November 23, 2006

The Thanksgiving Post

This just isn't right for me to be blogging today, nevertheless, in the spirit of NaBloPoMo, I'll just play along and serve up another helping of blog since overdoing it is the name of the game today.

Just to give you some idea of how much I ate today, after I was done with my three pieces of pie for dessert, I got a big glass of water to wash everything down. I took a big gulp, swallowed, but nothing happened. There was simply nowhere for it to go. I had to painfully choke the sip down and then pour the rest of the glass into the sink in defeat. Yeah, I ate a lot.

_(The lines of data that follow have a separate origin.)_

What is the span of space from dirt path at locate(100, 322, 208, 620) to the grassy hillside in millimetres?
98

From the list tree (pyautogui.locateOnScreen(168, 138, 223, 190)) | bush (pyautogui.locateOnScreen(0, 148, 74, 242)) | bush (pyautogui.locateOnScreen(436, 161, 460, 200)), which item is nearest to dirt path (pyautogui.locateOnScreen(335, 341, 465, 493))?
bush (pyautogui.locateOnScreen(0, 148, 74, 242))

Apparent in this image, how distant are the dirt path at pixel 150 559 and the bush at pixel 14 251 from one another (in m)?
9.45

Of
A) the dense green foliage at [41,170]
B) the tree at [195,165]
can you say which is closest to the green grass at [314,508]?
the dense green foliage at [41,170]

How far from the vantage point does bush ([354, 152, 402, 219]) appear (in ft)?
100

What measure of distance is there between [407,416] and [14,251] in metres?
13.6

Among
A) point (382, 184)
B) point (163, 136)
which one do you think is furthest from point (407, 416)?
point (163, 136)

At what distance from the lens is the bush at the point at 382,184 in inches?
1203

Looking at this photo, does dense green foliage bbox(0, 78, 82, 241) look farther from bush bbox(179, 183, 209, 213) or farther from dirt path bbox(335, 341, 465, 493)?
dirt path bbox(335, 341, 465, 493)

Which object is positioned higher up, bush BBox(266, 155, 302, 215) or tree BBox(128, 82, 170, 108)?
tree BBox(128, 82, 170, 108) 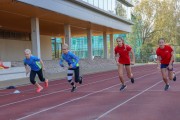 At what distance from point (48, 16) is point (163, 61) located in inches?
804

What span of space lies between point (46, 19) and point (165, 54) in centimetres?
2249

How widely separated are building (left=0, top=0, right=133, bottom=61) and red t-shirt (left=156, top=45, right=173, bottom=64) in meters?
13.1

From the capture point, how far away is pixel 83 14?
113ft

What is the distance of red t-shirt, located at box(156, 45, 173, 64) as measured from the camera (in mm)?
12164

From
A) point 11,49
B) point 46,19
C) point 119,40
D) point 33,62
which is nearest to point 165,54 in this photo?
point 119,40

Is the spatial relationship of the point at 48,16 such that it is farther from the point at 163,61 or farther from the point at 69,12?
the point at 163,61

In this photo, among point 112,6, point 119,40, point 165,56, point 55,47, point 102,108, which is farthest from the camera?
point 55,47

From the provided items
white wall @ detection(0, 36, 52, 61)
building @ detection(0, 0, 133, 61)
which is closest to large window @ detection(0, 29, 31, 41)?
building @ detection(0, 0, 133, 61)

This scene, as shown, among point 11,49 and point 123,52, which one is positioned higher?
point 11,49

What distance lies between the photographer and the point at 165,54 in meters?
12.2

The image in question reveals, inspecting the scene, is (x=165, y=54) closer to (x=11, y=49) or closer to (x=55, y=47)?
(x=11, y=49)

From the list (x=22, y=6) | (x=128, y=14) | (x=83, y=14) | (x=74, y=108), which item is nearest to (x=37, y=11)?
(x=22, y=6)

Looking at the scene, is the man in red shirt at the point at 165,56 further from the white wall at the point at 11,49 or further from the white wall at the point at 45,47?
the white wall at the point at 45,47

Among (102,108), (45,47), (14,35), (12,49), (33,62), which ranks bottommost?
(102,108)
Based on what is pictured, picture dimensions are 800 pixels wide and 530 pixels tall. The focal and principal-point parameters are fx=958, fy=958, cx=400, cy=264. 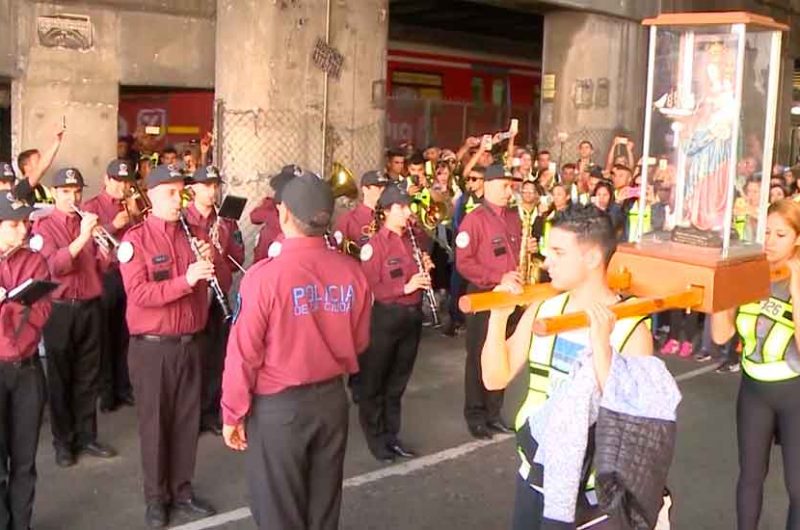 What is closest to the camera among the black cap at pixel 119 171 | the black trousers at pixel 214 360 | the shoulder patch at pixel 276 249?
the shoulder patch at pixel 276 249

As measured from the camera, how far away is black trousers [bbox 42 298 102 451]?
6641 mm

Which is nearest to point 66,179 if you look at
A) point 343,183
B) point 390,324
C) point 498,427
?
point 390,324

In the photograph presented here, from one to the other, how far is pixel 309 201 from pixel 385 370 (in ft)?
9.88

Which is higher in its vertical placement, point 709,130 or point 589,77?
point 589,77

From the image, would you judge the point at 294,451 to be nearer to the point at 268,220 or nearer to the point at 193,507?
the point at 193,507

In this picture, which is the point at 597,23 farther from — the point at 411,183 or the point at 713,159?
the point at 713,159

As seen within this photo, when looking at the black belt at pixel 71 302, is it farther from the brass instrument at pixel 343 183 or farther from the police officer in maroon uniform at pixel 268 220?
the brass instrument at pixel 343 183

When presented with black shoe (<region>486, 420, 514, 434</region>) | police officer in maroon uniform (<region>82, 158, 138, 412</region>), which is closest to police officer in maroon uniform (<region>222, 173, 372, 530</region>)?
black shoe (<region>486, 420, 514, 434</region>)

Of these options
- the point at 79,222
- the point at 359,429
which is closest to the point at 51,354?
the point at 79,222

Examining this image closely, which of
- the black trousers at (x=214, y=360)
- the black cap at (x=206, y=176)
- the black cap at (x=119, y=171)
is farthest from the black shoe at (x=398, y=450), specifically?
the black cap at (x=119, y=171)

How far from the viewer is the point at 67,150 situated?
466 inches

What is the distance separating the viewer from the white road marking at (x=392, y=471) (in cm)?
561

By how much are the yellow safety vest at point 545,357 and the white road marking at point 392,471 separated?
262 centimetres

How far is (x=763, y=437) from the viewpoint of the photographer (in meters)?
4.69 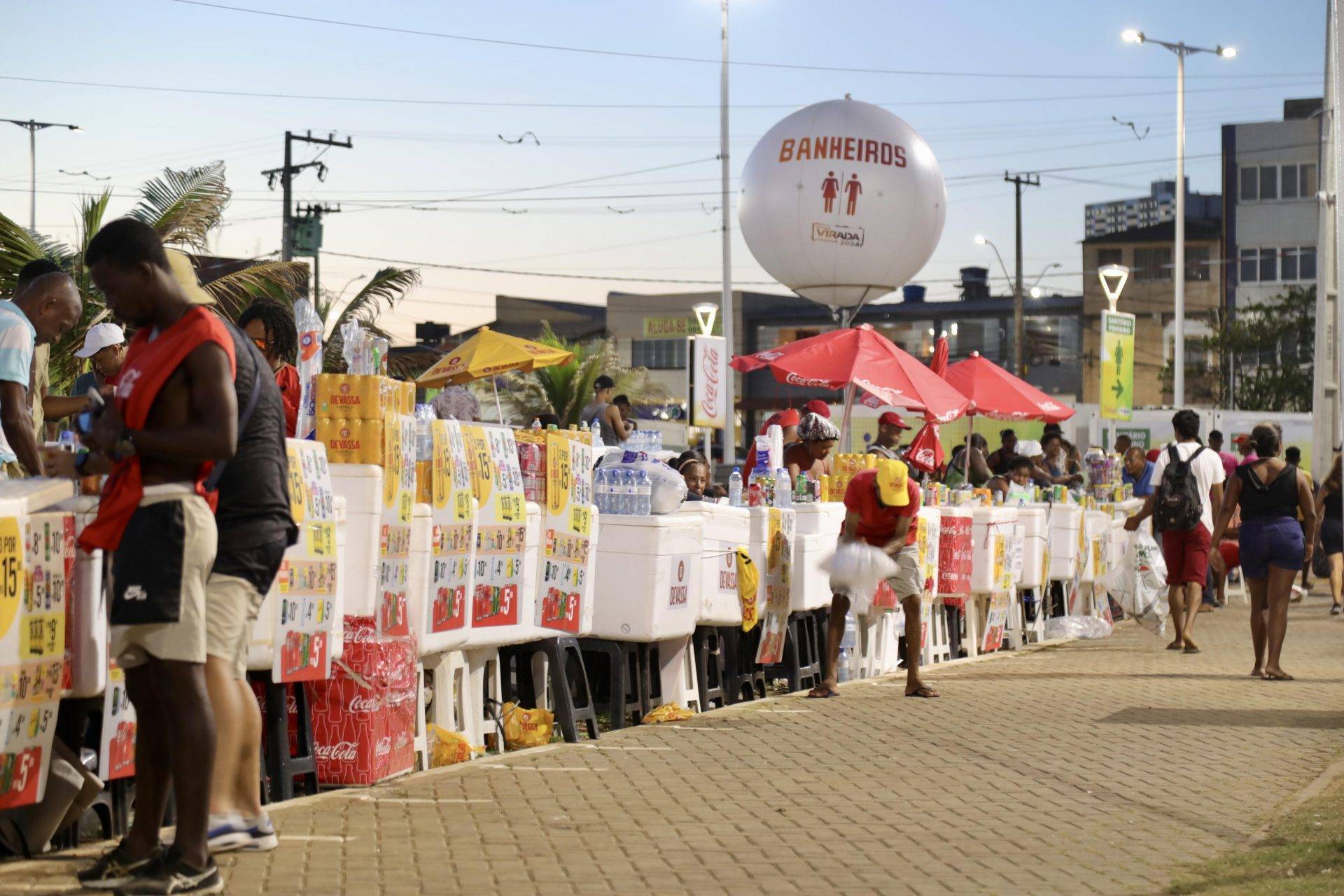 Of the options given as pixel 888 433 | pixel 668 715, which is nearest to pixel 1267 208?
pixel 888 433

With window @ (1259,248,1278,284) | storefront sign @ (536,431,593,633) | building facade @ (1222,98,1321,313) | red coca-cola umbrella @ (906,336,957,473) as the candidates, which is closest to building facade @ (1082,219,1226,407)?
building facade @ (1222,98,1321,313)

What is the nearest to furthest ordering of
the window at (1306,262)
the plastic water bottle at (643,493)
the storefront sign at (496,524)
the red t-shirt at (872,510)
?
the storefront sign at (496,524)
the plastic water bottle at (643,493)
the red t-shirt at (872,510)
the window at (1306,262)

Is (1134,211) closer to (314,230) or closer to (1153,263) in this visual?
(1153,263)

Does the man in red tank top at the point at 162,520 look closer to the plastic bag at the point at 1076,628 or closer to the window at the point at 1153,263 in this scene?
the plastic bag at the point at 1076,628

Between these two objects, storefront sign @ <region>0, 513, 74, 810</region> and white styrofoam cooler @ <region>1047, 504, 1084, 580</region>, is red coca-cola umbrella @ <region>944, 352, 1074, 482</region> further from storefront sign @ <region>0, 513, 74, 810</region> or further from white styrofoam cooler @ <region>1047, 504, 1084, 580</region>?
storefront sign @ <region>0, 513, 74, 810</region>

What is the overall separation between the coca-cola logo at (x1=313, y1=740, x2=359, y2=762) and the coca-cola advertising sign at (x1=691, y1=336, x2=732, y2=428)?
16.5m

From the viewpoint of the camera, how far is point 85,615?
19.9ft

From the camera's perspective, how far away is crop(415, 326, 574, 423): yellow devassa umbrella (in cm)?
2162

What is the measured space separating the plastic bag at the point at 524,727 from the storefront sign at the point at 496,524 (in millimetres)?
654

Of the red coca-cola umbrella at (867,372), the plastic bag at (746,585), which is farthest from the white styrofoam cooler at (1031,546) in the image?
the plastic bag at (746,585)

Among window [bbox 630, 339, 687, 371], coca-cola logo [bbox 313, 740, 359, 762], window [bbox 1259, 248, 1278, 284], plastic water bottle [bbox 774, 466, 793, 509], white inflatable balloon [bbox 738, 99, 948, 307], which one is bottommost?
coca-cola logo [bbox 313, 740, 359, 762]

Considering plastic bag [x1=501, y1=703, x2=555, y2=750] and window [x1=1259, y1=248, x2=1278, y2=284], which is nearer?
plastic bag [x1=501, y1=703, x2=555, y2=750]

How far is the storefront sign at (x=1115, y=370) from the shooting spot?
27.9 m

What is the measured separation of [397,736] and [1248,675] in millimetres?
8578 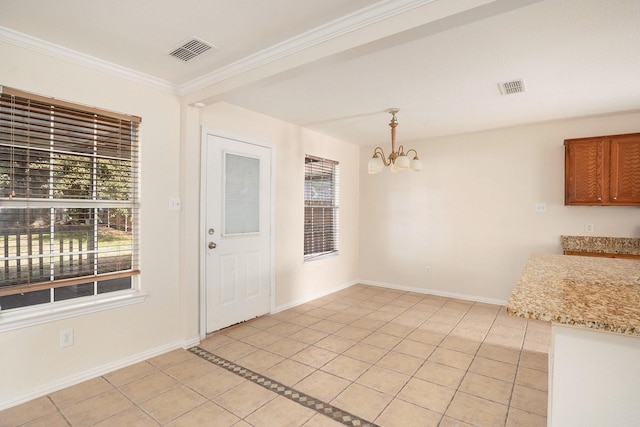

Here's my "I'm thankful for:"

I'm thankful that I got the 1/4 inch splinter out of the center of my right heel today. It's been there for almost two months and I kept telling myself that if I was just tough it would eventually disintegrate and stop hurting. In the meantime, I've been walking funny to keep from putting weight on that foot and have messed up my hip joints to where I could hardly walk at all. The wonderful spirit of Thanksgiving visited me today and told me to just dig the darn thing out which I did and I was instantly able to walk again. And boy am I grateful!


kaff said...

That was probably a good pregnant lady waddle that you had, especially when you were gimping on one foot :) That why I love you!!

Suzie Petunia said...

Wow, what an eventful day. I don't know what was wrong with me... pie didn't sound good. That is freakin' weird for me. I'm happy for the removal of the splinter. I can't believe you walked around with it that long. Happy Thanksgiving!

Anonymous said...

Sniff, sniff. That splinter story was very touching! No, actually, it was a good reminder to be grateful for the simple things that make life lovely. I'm sure you were secretly going for a pimped out homeboy gait to go along with baggy pg pants.

Anonymous said...

I know exactly what you are talking about. One time I let an ingrown toe nail go for months. It got to the point that whenever someone would walk near my sore foot, I would automatically move it in to avoid having it stepped on. Finally, one day I went to the doctor and got it removed (which was such a simple thing to have done). However, my protective habit was formed, and for months, I found myself moving my foot if there was the slightest chance it could get stepped on.